# Step2-1st preprocessing

## 1. Impot necessary modules & start a spark session

In [None]:
# Import necessary modules
from pyspark.sql import SparkSession
from pyspark.sql import functions as F
import os

In [None]:
# Create a Spark session
spark = (
    SparkSession.builder.appName('ADS_project_1.py')
    .config('spark.sql.repl.eagerEval.enabled', True)
    .config('spark.sql.parquet.cacheMetadata', 'true')
    .config('spark.sql.session.timeZone', 'Etc/UTC')
    .config('spark.driver.memory', '16g')
    .config('spark.executer.memory', '16g')
    .getOrCreate()
)

## 2. Data import & overview

Import `TLC_data` from directory `data/landing/TLC_data/`

In [None]:
TLC_data_dir = '../data/landing/TLC_data/*.parquet'
TLC_data = spark.read.parquet(TLC_data_dir)

`TLC_data` overview

In [None]:
original_num_rows = TLC_data.count()
original_num_cols = len(TLC_data.columns)

print('number of rows: ', original_num_rows)
print('number of cols: ', original_num_cols)
TLC_data.limit(5)

## 3. Remove features not relevant to research goal

Define some features that we consider unnecessary

In [None]:
useless_feature_list = [
    'VendorID', 'RatecodeID', 'store_and_fwd_flag', 'payment_type', 'fare_amount', 
    'mta_tax', 'improvement_surcharge', 'tip_amount', 'total_amount'
]

Remove the invalid rows before deleting these unrelated features

In [None]:
# Filter out rows based on valid values of these features
TLC_data = (
    TLC_data
        # remove 'VendorID' that are not 1 & 2
        .where((F.col('VendorID') == 1) | (F.col('VendorID') == 2))

        # remove 'RatecodeID' that are in 1 ~ 6
        .where(F.col('RatecodeID').isin([1, 2, 3, 4, 5, 6]))

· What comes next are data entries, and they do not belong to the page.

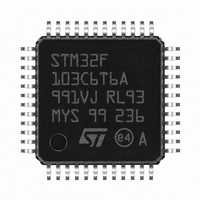 STM32F103C6T6A mikrokontroler ARM Cortex-M3 72 MHz LQFP48 32 kB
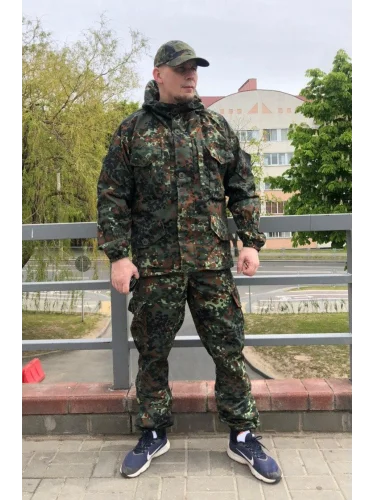 Костюм Горка 6 Премиум Лето/Осень/Весна Flecktarn | Grizzly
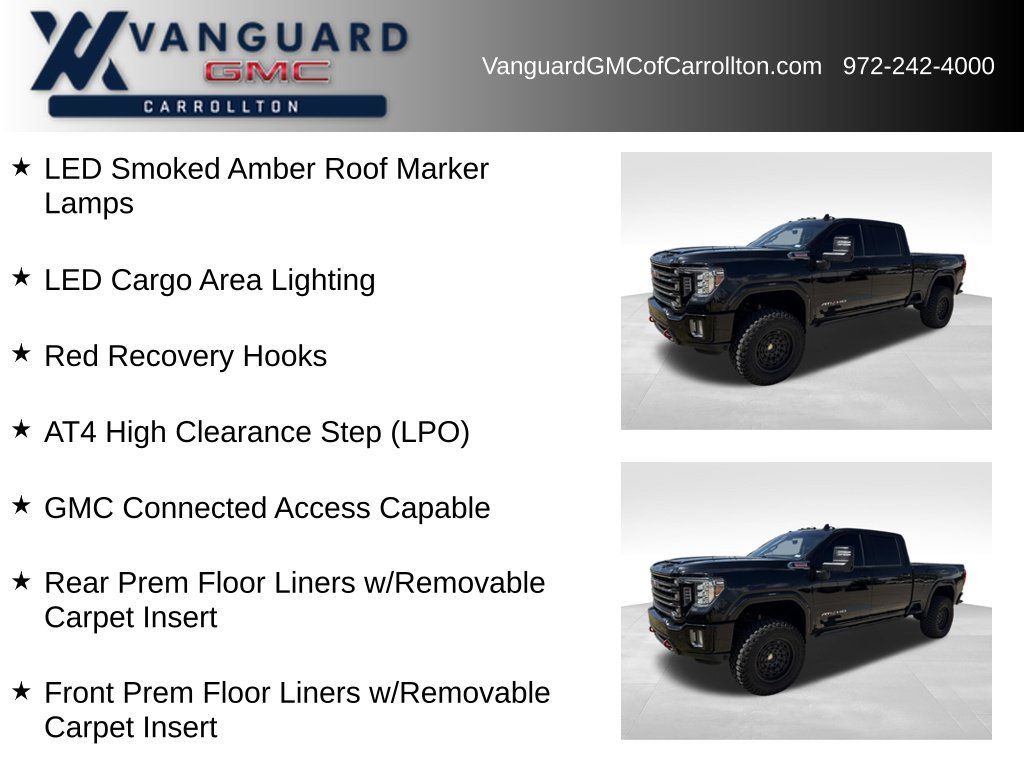 Used 2021 GMC Sierra 2500 AT4 w/ AT4 Premium Plus Package AWD/4WD image 6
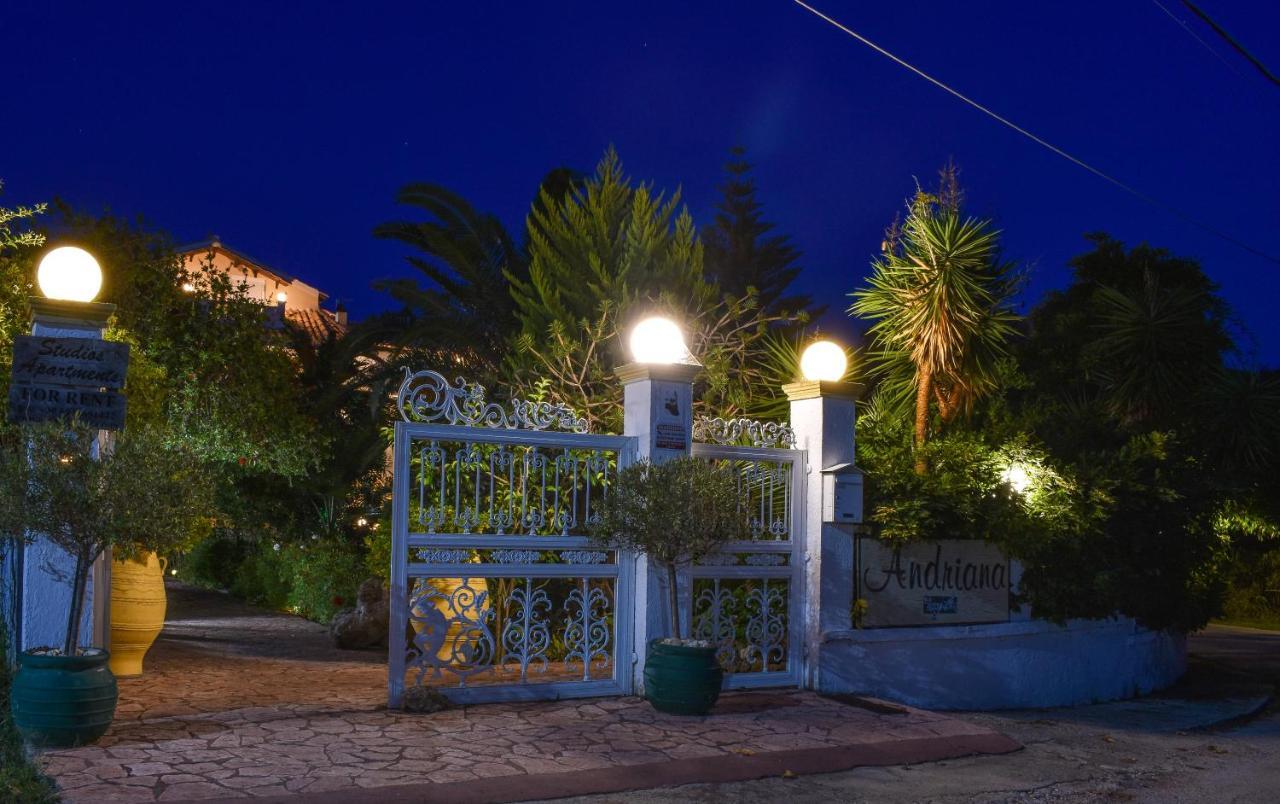 Andriana Aparthotel Agios Georgios  Exteriör bild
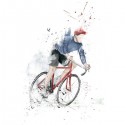 تیشرت I want to ride my bicycle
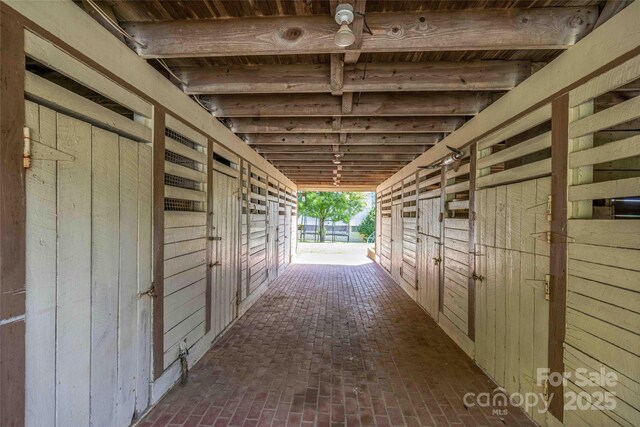 400 Kings Dr, Lake Lure, NC 28746 - view of stable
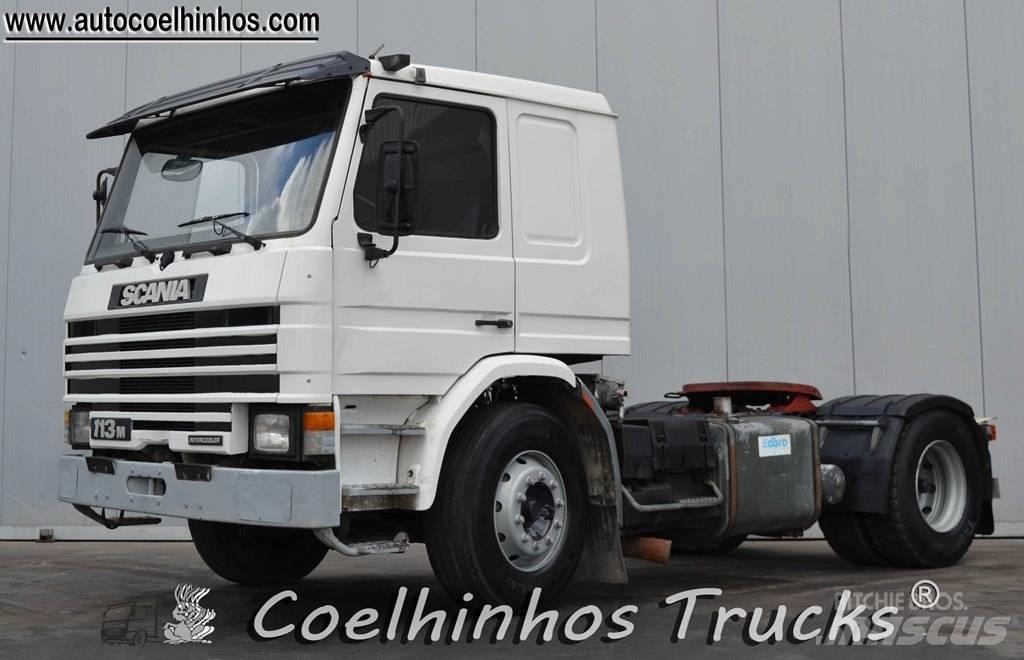 Scania 113M 310 Vlačilci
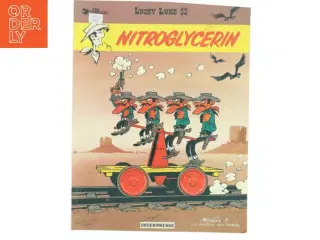 Lucky Luke Tegneserie fra Interpresse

        # remove 'store_and_fwd_flag' that are not 'Y' & 'N'
        .where((F.col('store_and_fwd_flag') == 'Y') | (F.col('store_and_fwd_flag') == 'N'))

        # remove 'payment_type' that are not 1 & 2
        .where(F.col('payment_type').isin([1, 2]))

        # remove 'fare_amount' those are smaller than or equal to 0
        .where(F.col('fare_amount') > 0)

        # remove 'mta_tax' that is not 0.5
        .where(F.col('mta_tax') == 0.5)

        # remove 'improvement_surcharge' that is not 0.3
        .where(F.col('improvement_surcharge') == 0.3)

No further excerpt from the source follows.